For the past several years I have been harping on the point that executing on a comprehensive mobile marketing strategy is the difference between those that have a significantly better chance to succeed and those that are doomed to be left in the dust.

Mobile is growing and getting bigger by the minute. According to the 2013 “Netbiscuits People’s Web Report,” marketers know that consumers are constantly interacting with their mobile devices. About 20 percent  of consumers spend up to 15 minutes per day searching on mobile, says the report, and 50 percent spend up to 30 minutes shopping per day.

Search is driving mobile. Just take a look at the research:

  • BIA Kelsey claims mobile searches will trump desktop queries by 27.8 billion in the U.S. by 2016.
  • Sixty-four percent of smartphone users are shopping online with their devices, according to eDigitalResearch, and customers who use a phone are 10 times as likely to purchase as those that do desktop searches.

And marketers are taking notice. Nearly 71 percent of marketers currently use mobile as part of their multichannel brand experiences, according to the report “Getting Mobile Right” by Brand Republic and Netbiscuits, and nearly 52 percent use the channel to increase their overall website traffic. According to the report, about 42 percent of marketers use the channel to enhance customer brand loyalty among mobile device users.

Still, monitoring seems to be challenging. Fifty percent of the marketers surveyed use desktop Web analytic products to track mobile activities and about 11 percent rely on agencies or other third parties to monitor results. In addition, about 6 percent of marketers turn to marketing automation solutions to measure mobile marketing performance, according to the report.

The survey asked how marketers measure the success of their mobile efforts, says the report -nearly 12 percent of marketers admitted that they don’t focus on mobile as a channel. In addition, about 9 percent of marketers said a lack of tools makes accurately measuring mobile activities difficult, and approximately 4 percent said that they cannot measure mobile activity at all.

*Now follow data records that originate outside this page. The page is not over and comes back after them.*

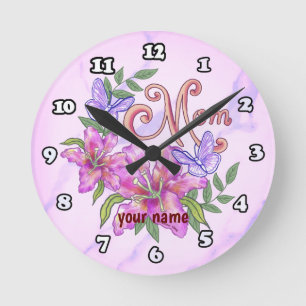 Horloge Ronde Papillon Lily Maman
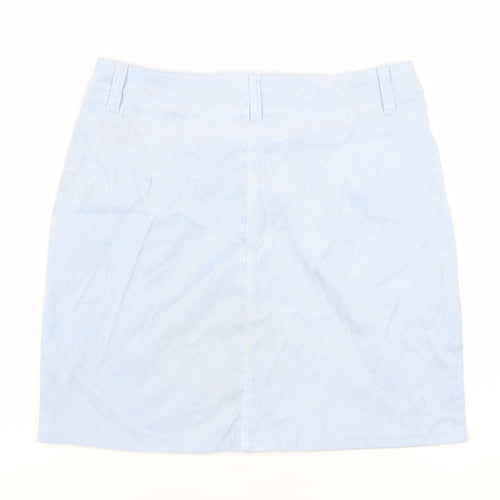 Boohoo Women's Blue Short Skirt, UK 10, Button Detail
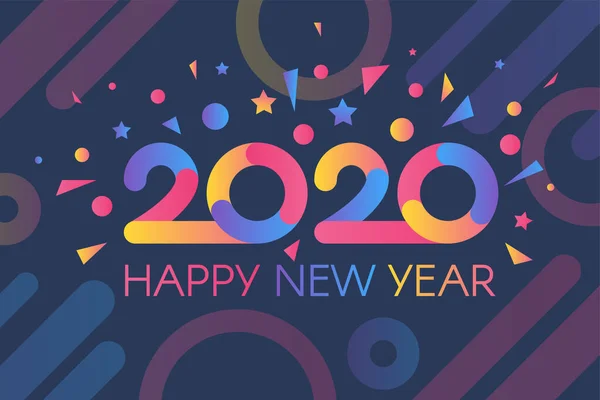Renkli 2020 Konfeti Sancağıyla Mutlu Yıllar — Stok Vektör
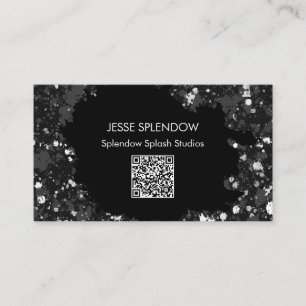 Artistic Black Abstract Paint Splatters QR Code Business Card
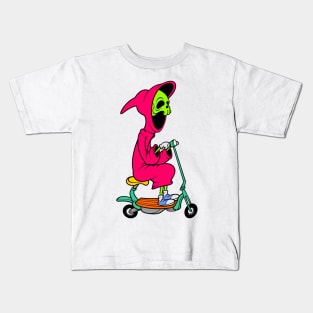 grim reaper riding a scooter Kids T-Shirt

But as mobile become a key part of the path to purchase, more marketers will have to invest more in their mobile marketing efforts. According to the survey, about 31 percent of marketers say that they’ve covered their mobile strategy basics but could still benefit from more investment. In addition, about 20 percent of marketers say that they have mobile offerings, like a designated mobile site, and will continue to invest heavily in mobile marketing. And, another 20 percent admits that mobile hasn’t been a focus yet, but that it will be a priority this year.

These investments will include technology resources and 62 percent of marketers plan to incorporate responsive Web design within the next 12 months, according to the report. In addition, 18 percent plan to include adaptive websites, and another 18 percent plan to introduce dedicated mobile sites. However, 2 percent don’t plan on making any mobile improvements.

I know that we are constantly encouraging our clients to make that crucial mobile investment. Those that have are already seeing the benefits and are likely to keep reaping long-time rewards.